- Your objective: Your reply should contain nothing except the lines from the one with "Comment monter à cheval dans Minecraft" through the end of the listing below, reproduced exactly and stripped of pictures.

- Records shown:
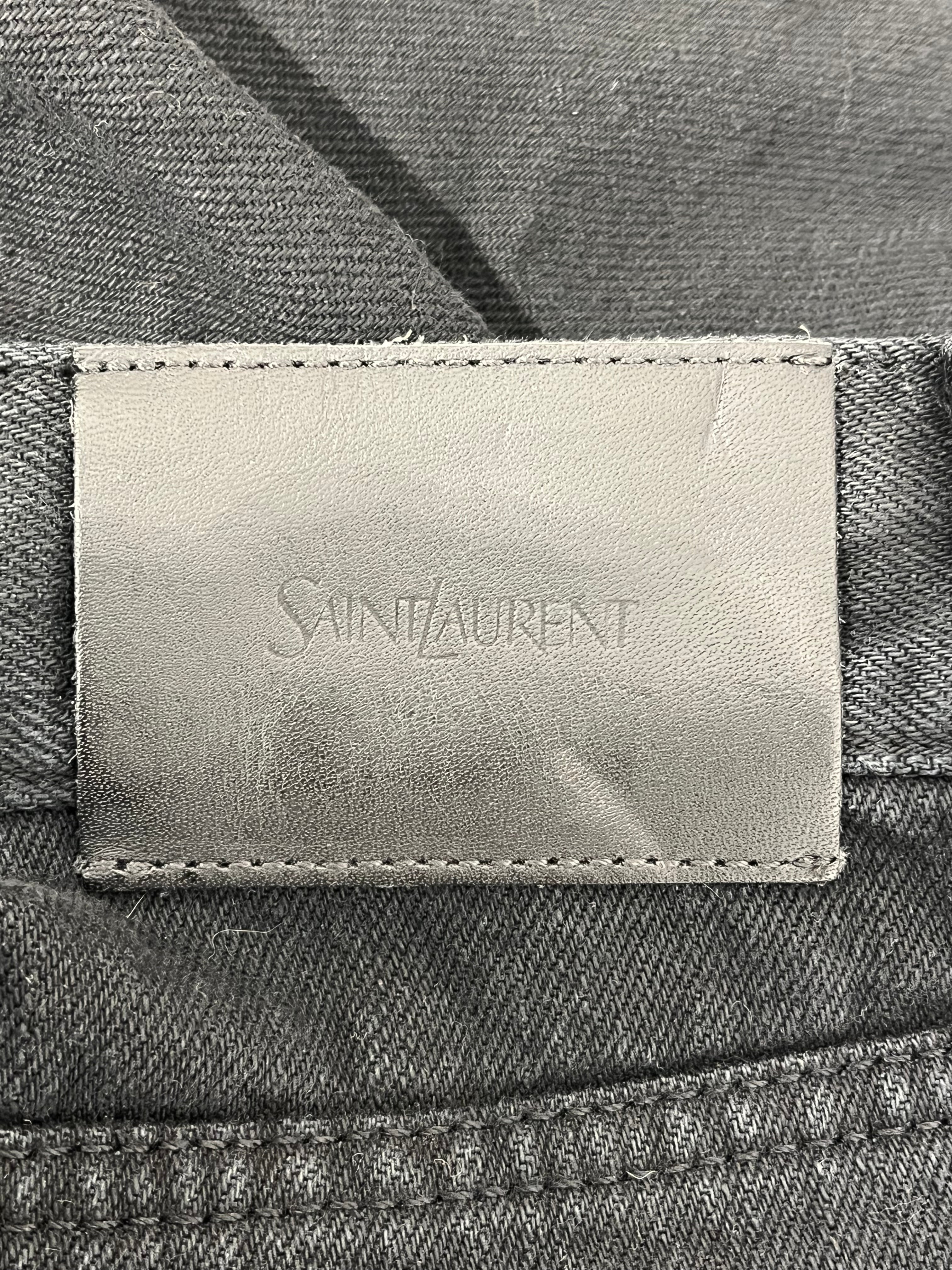 SAINT LAURENT/Pants/32/Cotton/BLK/2024 D50 TAPERED JEANS view 3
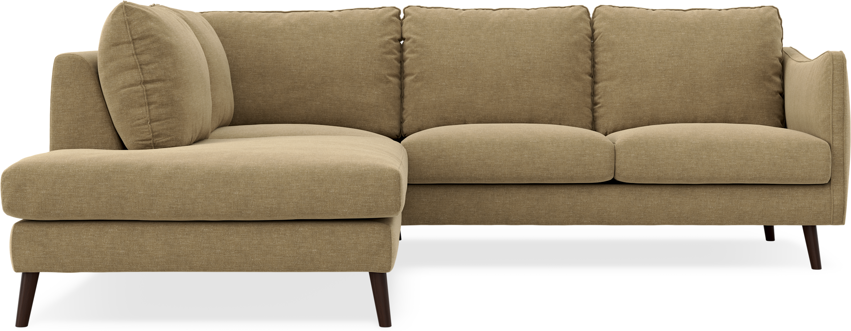Madison - 2-sits soffa med divan vänster - Brun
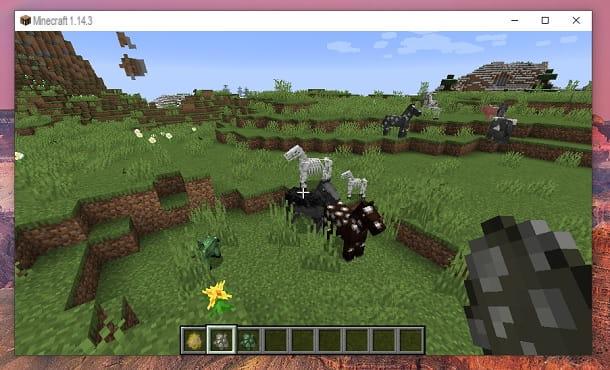 Comment monter à cheval dans Minecraft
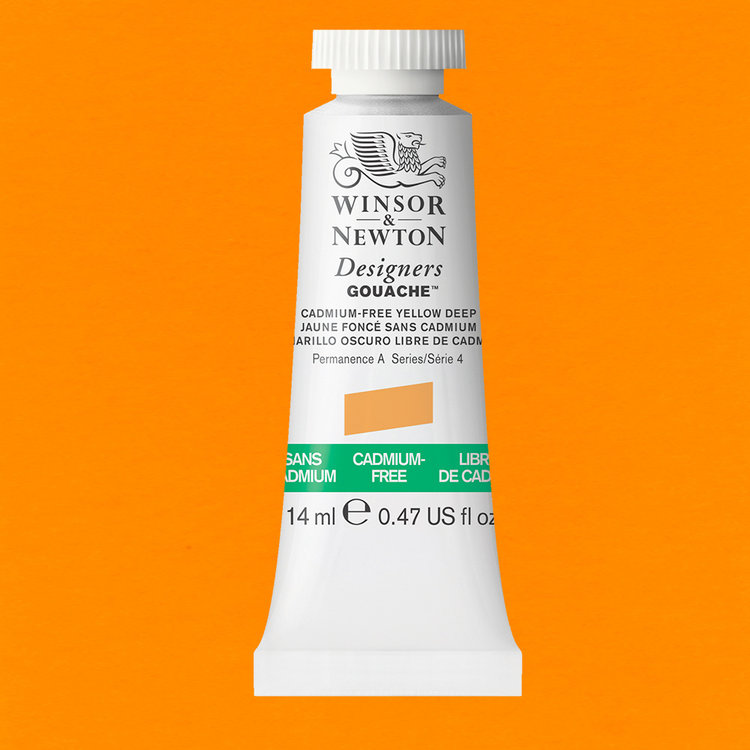 Winsor & Newton 891 Designer's gouache 14ml - cadmium free yellow deep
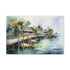 Tranquil Maldivian paradise canvas print, art decor for home living.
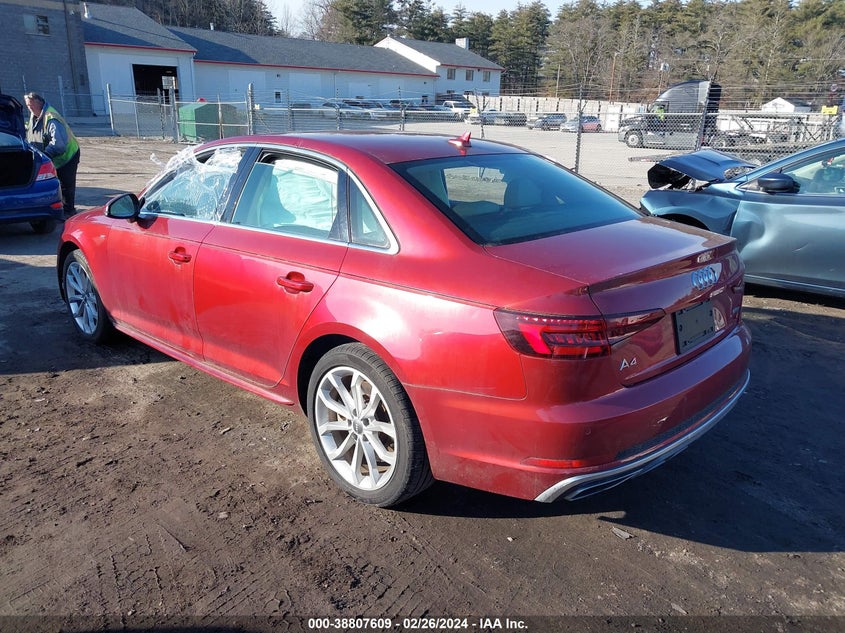 VIN WAUENAF49KA114337 2019 AUDI A4 45 PREMIUM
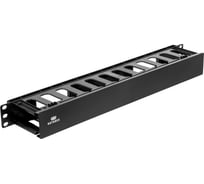 Организатор пластиковый DATAREX с гребенкой и крышкой, черный DR-441301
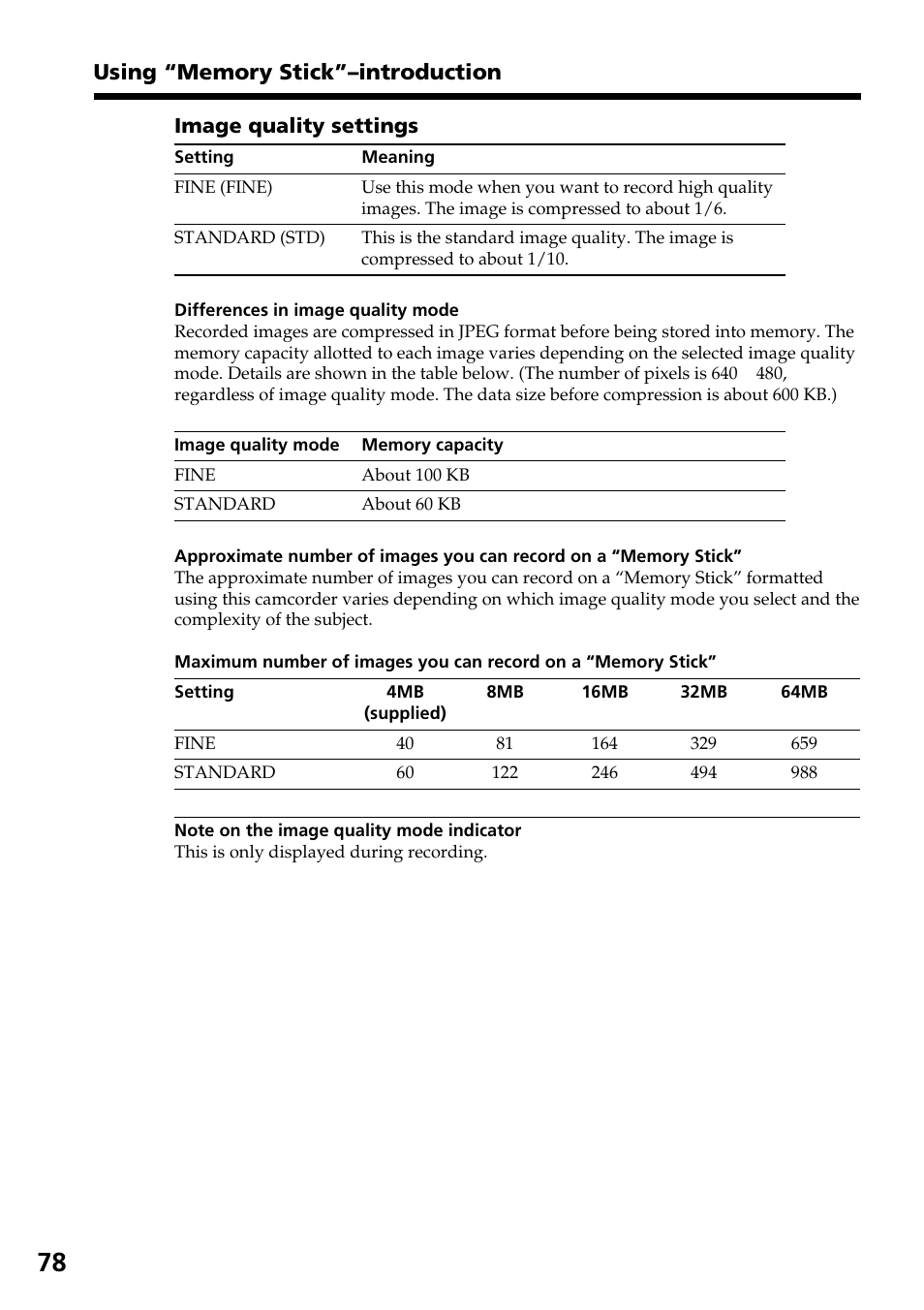 Sony DCR-TRV820 User Manual | Page 78 / 156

- Answer to this exercise:
 Comment monter à cheval dans Minecraft
 Winsor & Newton 891 Designer's gouache 14ml - cadmium free yellow deep
 Tranquil Maldivian paradise canvas print, art decor for home living.
 VIN WAUENAF49KA114337 2019 AUDI A4 45 PREMIUM
 Организатор пластиковый DATAREX с гребенкой и крышкой, черный DR-441301
 Sony DCR-TRV820 User Manual | Page 78 / 156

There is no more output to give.